On Dec. 21, 1992, the Louisiana Secretary of State recognized the incorporation of the Louisiana Child Caring Foundation — the entity that eventually became the Blue Cross and Blue Shield of Louisiana Foundation.
In recognition of our 25th anniversary, we’re catching up with grantees, starting with our 23 classes of Angel Award honorees.
When the Leo S. Butler Community Center in Baton Rouge requested a ballet teacher to be a part of its afterschool programs in 1995, Renee Chatelain, then an undergraduate at LSU headed to law school, answered the call and the Mid-City Dance Project was born.
Chatelain set about her project in a somewhat unconventional way. “In the early days – this is gonna sound super creepy – these are kids that are not aware of consistent anything, like having to be at rehearsal every Saturday – I found that to effectively get attendance, I’d have to drive around the neighborhoods, see kids and say, “Wanna be in the show? Get in my car! And I’d drive them to the community center.”
“I started there and I fell in love with the kids,” she recalls. From unconventional beginnings, “people started to understand when we started doing the Inner City Nutcracker,” an annual dance performance that began with about 60 children and now includes hundreds.
“We’d move from neighborhood to neighborhood, then we started to move into the schools. Through the years of her involvement with Mid-City Dance Project before becoming executive director of the Manship Theatre in 2010, Chatelain practiced law, then founded the dance programs and taught history at two independent schools. “By the time I moved to the Manship we were in eight schools and the program expanded to include afterschool homework and tutoring.”
She didn’t stop there. “I found a dance company in Cleveland that was completely wheelchair, so we started to expand into kids with disabilities – I wanted to be as inclusive as possible,” she says, “One year we had a Clara in our Nutcracker who was profoundly deaf, super smart, and very outdone if someone missed their cue.”
She could relate “a thousand stories” about the children she’s encountered over the years. The Mid-City Dance Project, she believes, “made them feel confident and empowered and they learned something about classical music and ballet. Now I’ll see these kids who graduated – where are they now? It’s extraordinary – one is in Mumbai doing international social work. There are engineers, attorneys, executives at IBM. I feel very confident that those arts activities showed them the way. Without them, their world would have been so much smaller.”
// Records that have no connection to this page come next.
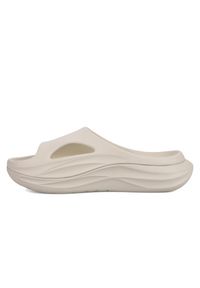 Klapki damskie New Balance W66509TG – beżowe. Kolor: beżowy. Sezon: lato #4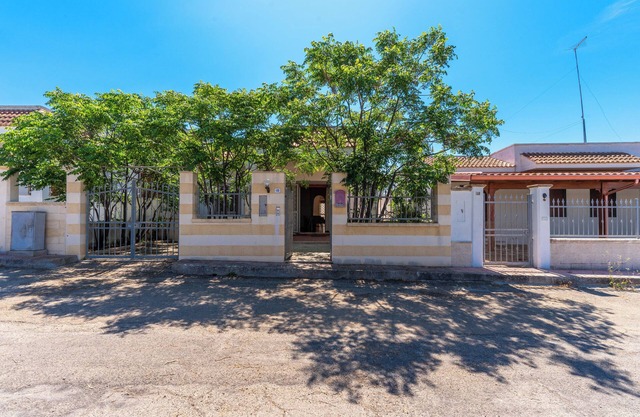Villa 'Cinzia' avec terrasse privée et climatisation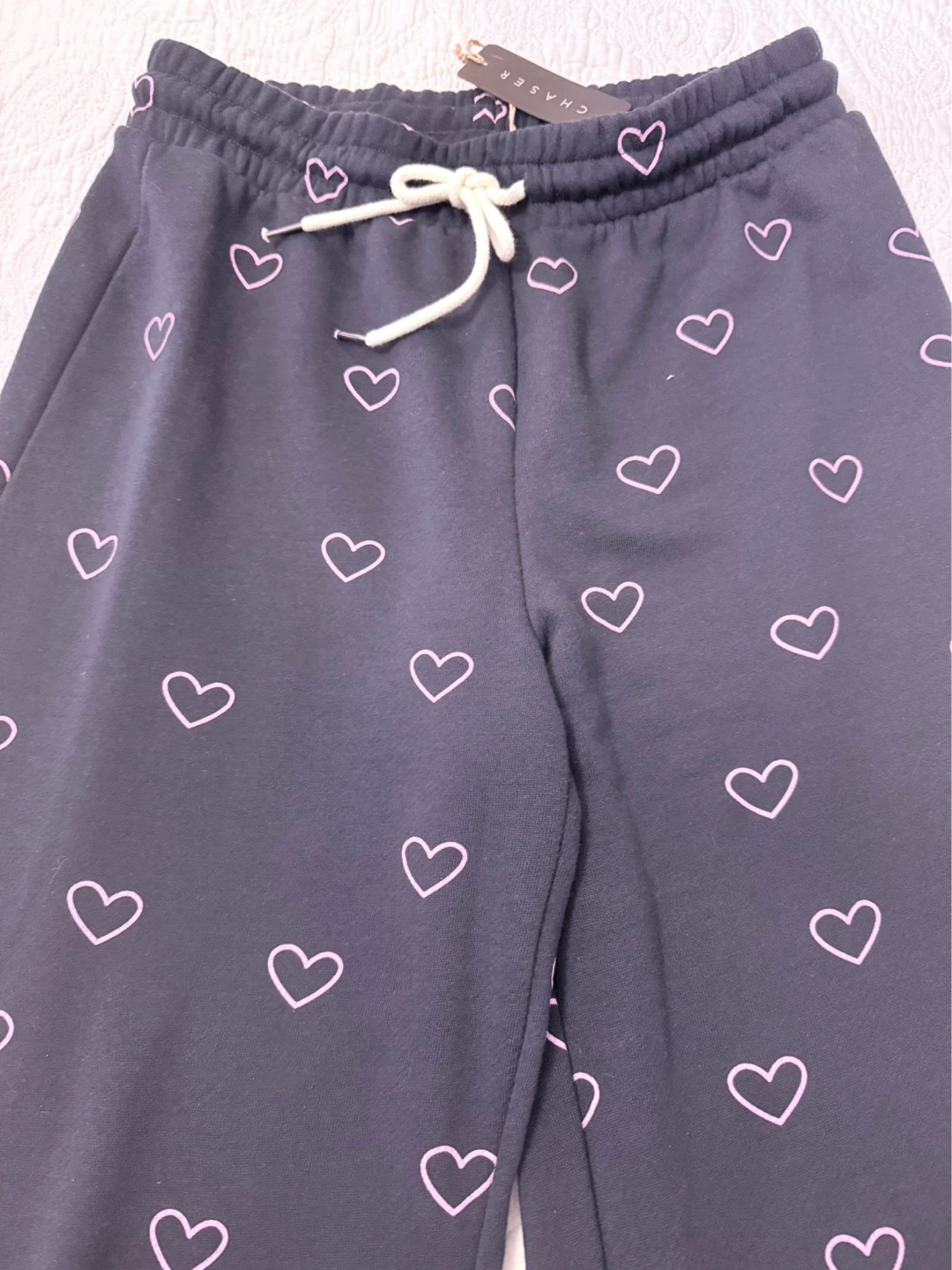 Chaser navy heart print wide leg lounge pants - photo 4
While the Nutcracker is Mid-City Dance Project’s “big signature,” says Chatelain, more recently the spotlight has been on “The Fading Line: A Commemoration of the 1953 Baton Rouge Bus Boycott,” a multimedia dance interpretation which she created.
The grant money from the Angel Award in 2005 “helped make that happen,” she recalls, adding “The award was amazing – I was so humbled by it – I remember hearing everybody else’s stories and thinking, ‘Oh my gosh I don’t even deserve to be here.’ It was inspiring – there are such good people in the world.”
Now Chatelain is in her third year as president and CEO of the Arts Council of Greater Baton Rouge, where she can use her law background and indulge her passions for community service through the arts. “This really is a job that pulls all my worlds together and I love it,” she says.